Причина, по которой ОЗ в очередной раз обращаются к теме образования (в данном случае высшего), очевидна: кризис образования как такового, о неизбежности которого твердили специалисты, налицо. Равно как и кризис высшей школы, который в нашей стране приобрел, как часто случается с общемировыми трендами на российской почве, особо острый и местами злокачественный характер.

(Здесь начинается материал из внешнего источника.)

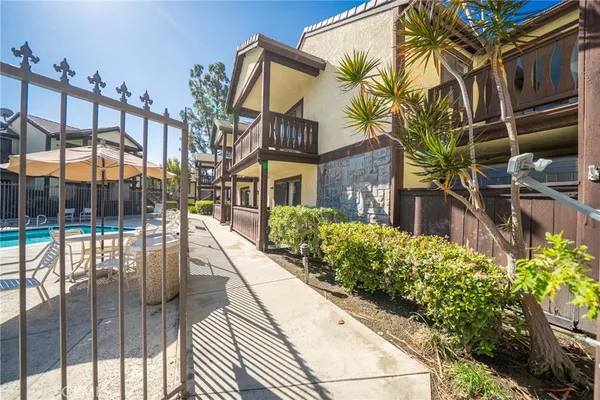 $3,200 | 12432 Bay Hill Court, Unit 71, Garden Grove, CA 92843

Попросту говоря, сегодня мы наблюдаем радикальную образовательную реформу, конечная цель которой не только не зафиксирована в рамках достаточно широкого общественного консенсуса, но, судя по всему, даже не может пока быть сколько-нибудь инструментально сформулирована субъектами и институтами, отвечающими за ее проведение. Это не упрек, а лишь констатация: мы переживаем увлекательнейший момент истории образования. Тот факт, что в нашей стране эта история сегодня становится чрезвычайно остросюжетной, объясняется, по-видимому — как, впрочем, всегда и все в России, — нашим замечательным межеумочным положением. В то время как кризис переживают и европейская, и американская высшие школы, российские реформаторы по существу ищут решение для обеих, пытаясь сохранить самое ценное из привычной для нас европейской модели и перенять все лучшее из заокеанской. Если задача представляется почти не имеющей решения, то почему бы не пробовать решить ее в самом трудном варианте? Поскольку природа нынешнего кризиса образования в мире беспрецедентна, постольку свободен в выборе стратегии и тактики всякий борец с этим кризисом. Результаты реформы пожнут наши внуки. И если урожай окажется скудным, а плоды горькими — увы. Винить можно будет только себя.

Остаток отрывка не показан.